Surface control and functionalization of nanoparticles by plasma-gas-condensation process

2021 Fiscal Year Final Research Report

• Project/Area Number: 19K05139
• Research Category: Grant-in-Aid for Scientific Research (C)
• Allocation Type: Multi-year Fund
• Section: 一般
• Review Section: Basic Section 27020:Chemical reaction and process system engineering-related
• Research Institution: Nagoya Institute of Technology
• Principal Investigator: Hihara Takehiko 名古屋工業大学, 工学(系)研究科(研究院), 教授 (60324480)
• Project Period (FY): 2019-04-01 – 2022-03-31
• Keywords: ナノ粒子 / 固体高分子形燃料電池 / 触媒 / ナノコンポジット / 交換結合 / 磁性 / 磁石

Outline of Final Research Achievements

(1)The purpose of this study was to create a Pt-less fuel cell electrode catalyst. Using a plasma-gas-condensed cluster deposition apparatus, we have produced Ni/Re, Co/Re, Pt/TiO2, and Pt/Gd composite nanoparticles. Then, we have investigated the catalytic performance of those nanoparticles as a cathode catalyst for polymer electrolyte fuel cells.
(2)In order to create an exchange spring magnet, we have prepared FePt/Fe-Al, FePt/Fe-B, and (Fe-Co)Pt/Fe-Co nanocomposite films and their magnetic properties have been evaluated. Furthermore, induced magnetic anisotropy was imparted by heat treatment in a magnetic field to improve the magnetic properties of these samples, and ionized particles were deposited on a biased substrate by accelerated deposition of soft magnetic and hard magnetic particles to control exchange coupling between them.

Free Research Field

金属材料学

Academic Significance and Societal Importance of the Research Achievements

固体高分子形燃料電池の電極触媒の白金使用量削減を目標とした。
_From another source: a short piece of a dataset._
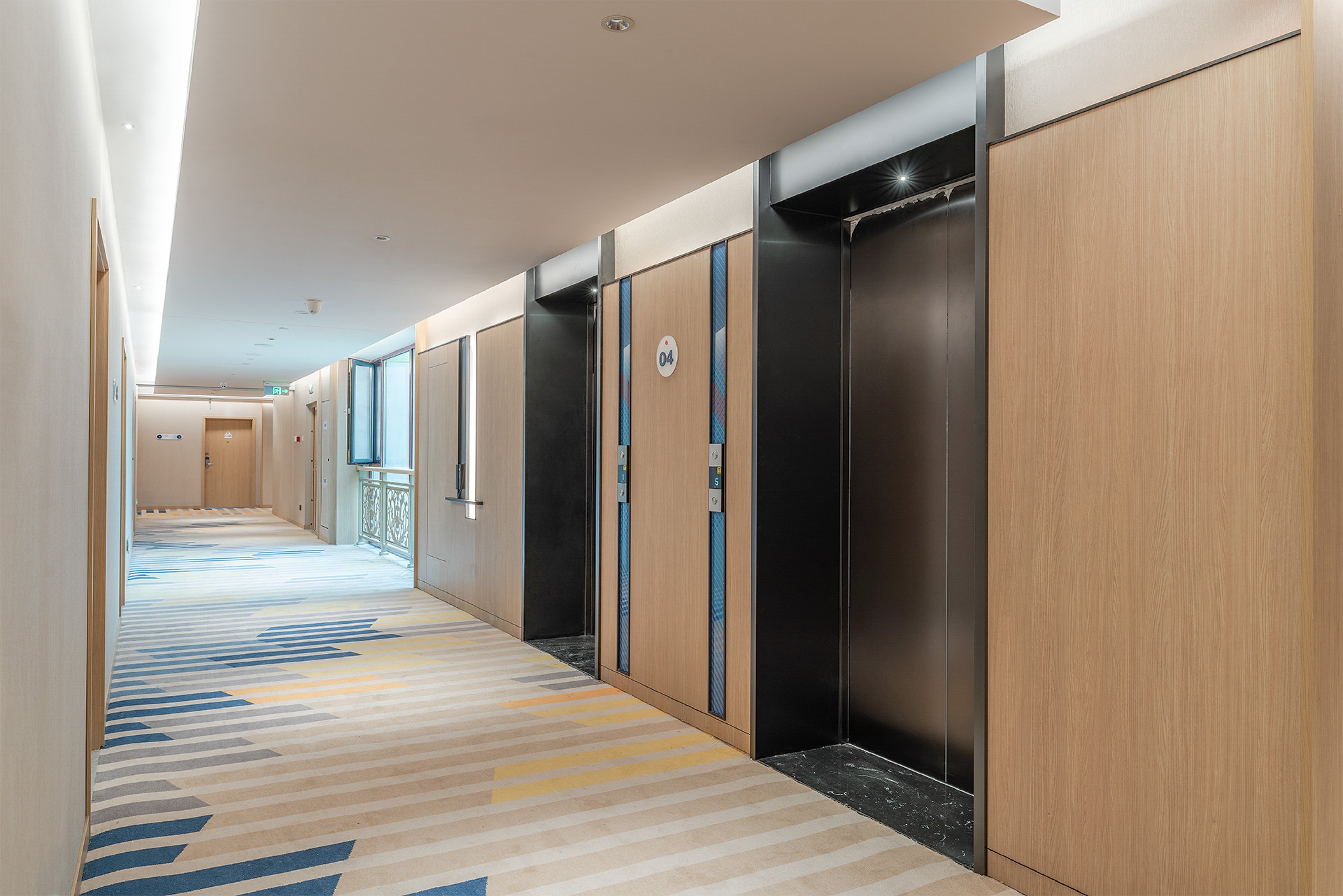 Holiday Inn Express Dandong City Center 25/47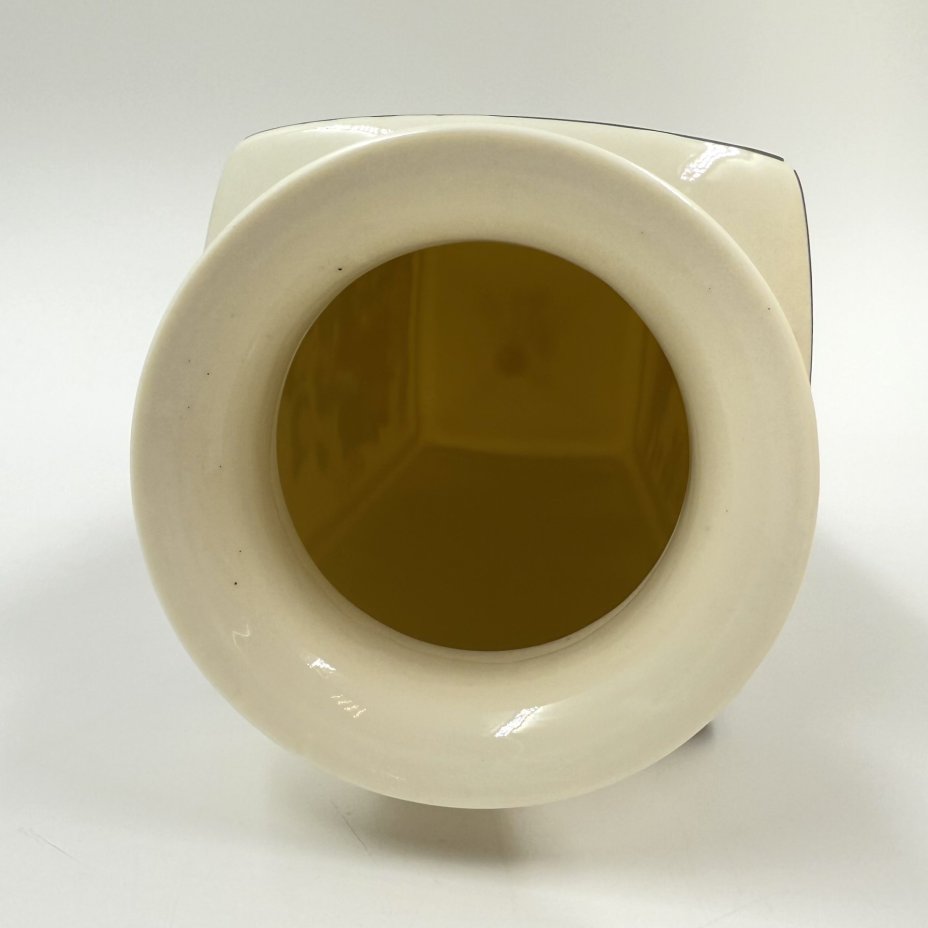Ваза "Времена года", фарфор, деколь, Elan Gallery, Россия, 2000-2015 гг.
Ni-Re合金ナノ粒子は、比較的高い最大電力密度を示し白金代替触媒として有望である。Pt/GdはPtに匹敵する触媒機能を示し、Pt使用量削減の観点で重要な成果を得た。
また、次世代永久磁石の創製を目的として、ナノコンポジット磁石の研究を実施した。(Fe-Co)Pt/Fe-Coナノコンポジット膜では、バイアス印加基板にナノ粒子を加速堆積させることで、磁性粒子間の交換結合の制御に成功した。このときの最大エネルギー積は3.86 MGOeで、ネオジム磁石の10％程度であったが、酸化の抑制とバイアス電圧の最適化により、磁気特性の向上が可能である。